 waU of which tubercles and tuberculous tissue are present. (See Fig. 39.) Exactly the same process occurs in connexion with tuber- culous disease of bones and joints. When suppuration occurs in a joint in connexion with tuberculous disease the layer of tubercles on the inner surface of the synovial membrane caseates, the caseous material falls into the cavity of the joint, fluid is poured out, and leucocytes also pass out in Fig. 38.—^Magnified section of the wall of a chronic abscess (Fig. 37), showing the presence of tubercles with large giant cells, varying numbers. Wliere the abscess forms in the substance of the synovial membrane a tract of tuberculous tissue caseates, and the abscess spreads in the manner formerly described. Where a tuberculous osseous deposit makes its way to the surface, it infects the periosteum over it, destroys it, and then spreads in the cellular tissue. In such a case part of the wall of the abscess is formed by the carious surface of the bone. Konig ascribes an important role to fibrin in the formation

================

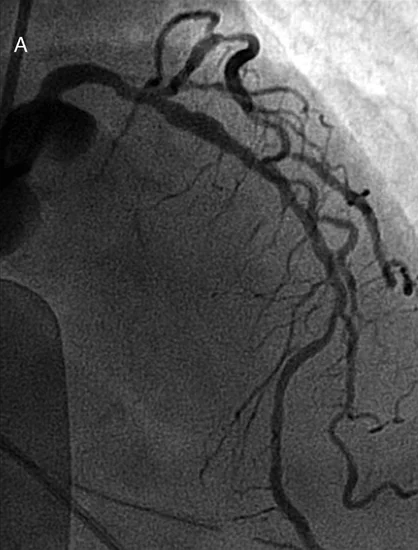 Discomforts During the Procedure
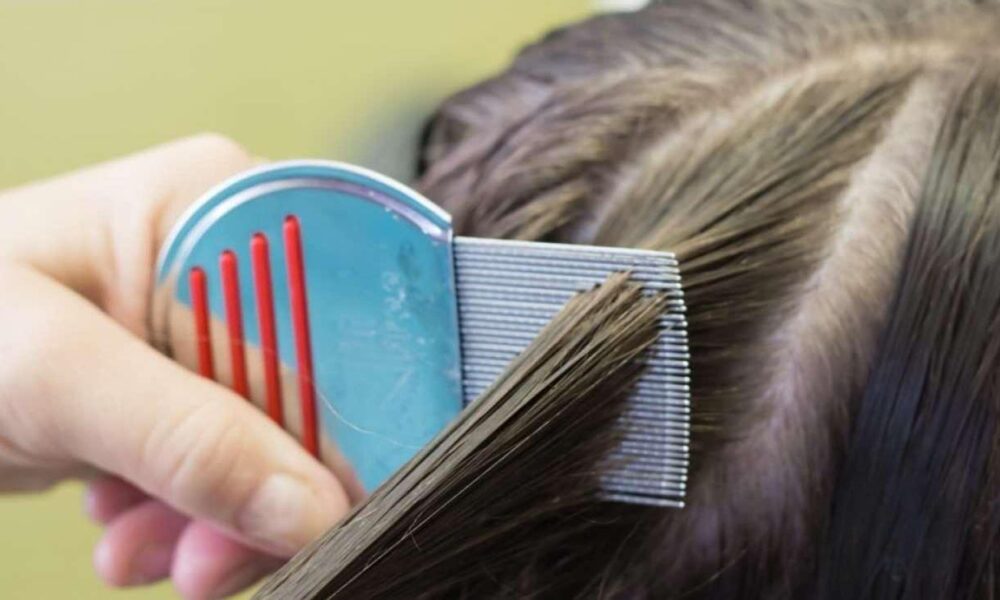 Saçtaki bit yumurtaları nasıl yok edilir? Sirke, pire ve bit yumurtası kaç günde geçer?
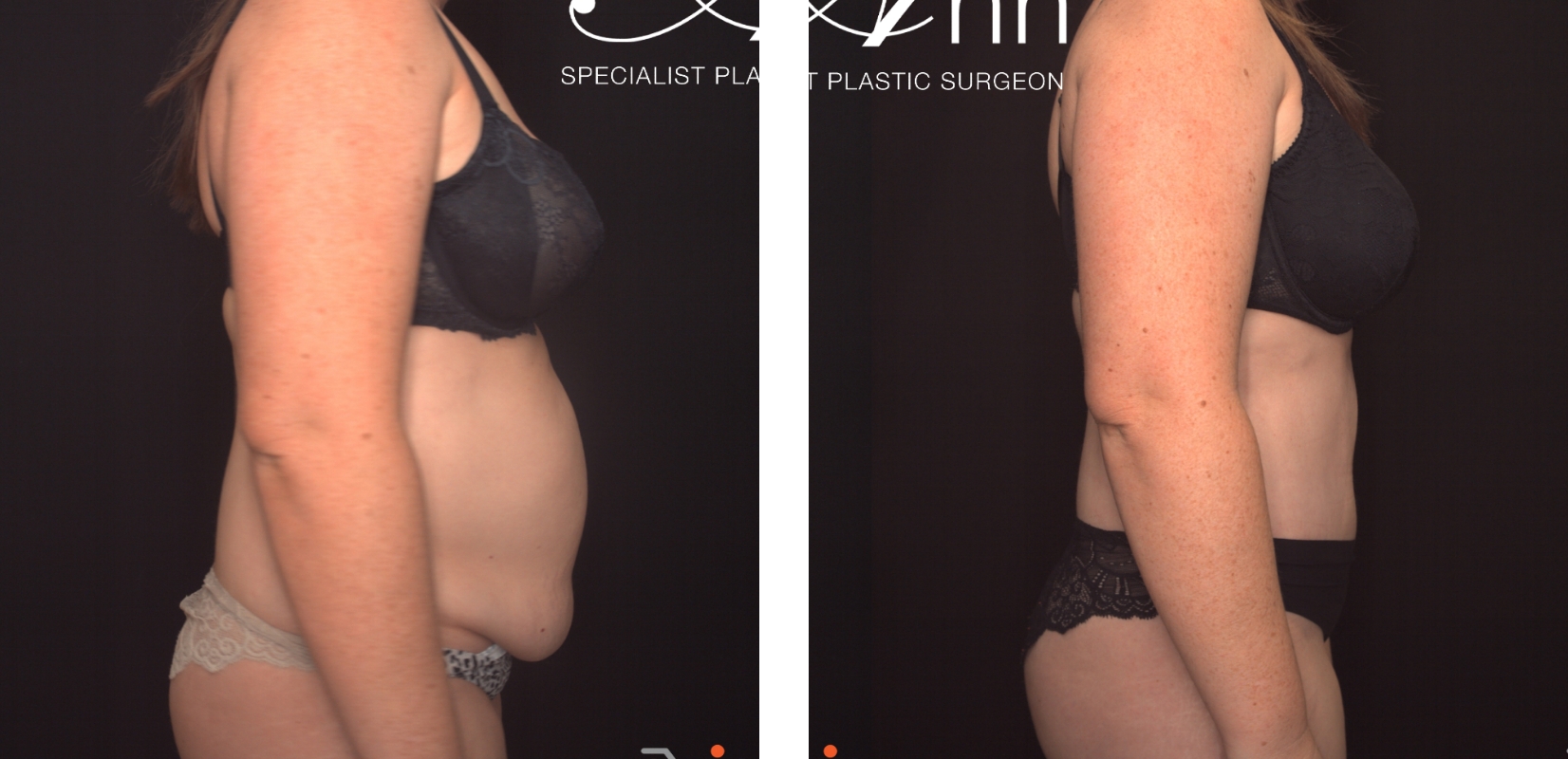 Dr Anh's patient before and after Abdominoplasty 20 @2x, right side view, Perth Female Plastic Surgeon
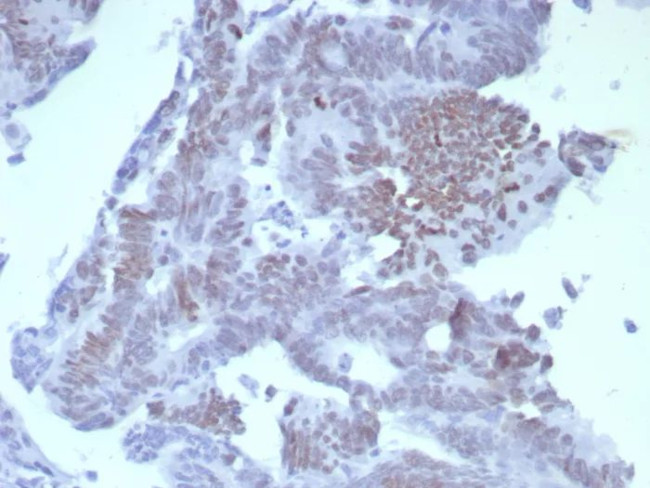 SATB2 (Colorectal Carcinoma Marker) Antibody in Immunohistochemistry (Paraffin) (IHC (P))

================

Exercise prompt: Repeat exactly the stretch of the listing above that starts with the line holding "Saçtaki bit yumurtaları" and finishes with the line holding "SATB2 (Colorectal Carcinoma", both included. Skip every picture.

Answer space:
 Saçtaki bit yumurtaları nasıl yok edilir? Sirke, pire ve bit yumurtası kaç günde geçer?
 Dr Anh's patient before and after Abdominoplasty 20 @2x, right side view, Perth Female Plastic Surgeon
 SATB2 (Colorectal Carcinoma Marker) Antibody in Immunohistochemistry (Paraffin) (IHC (P))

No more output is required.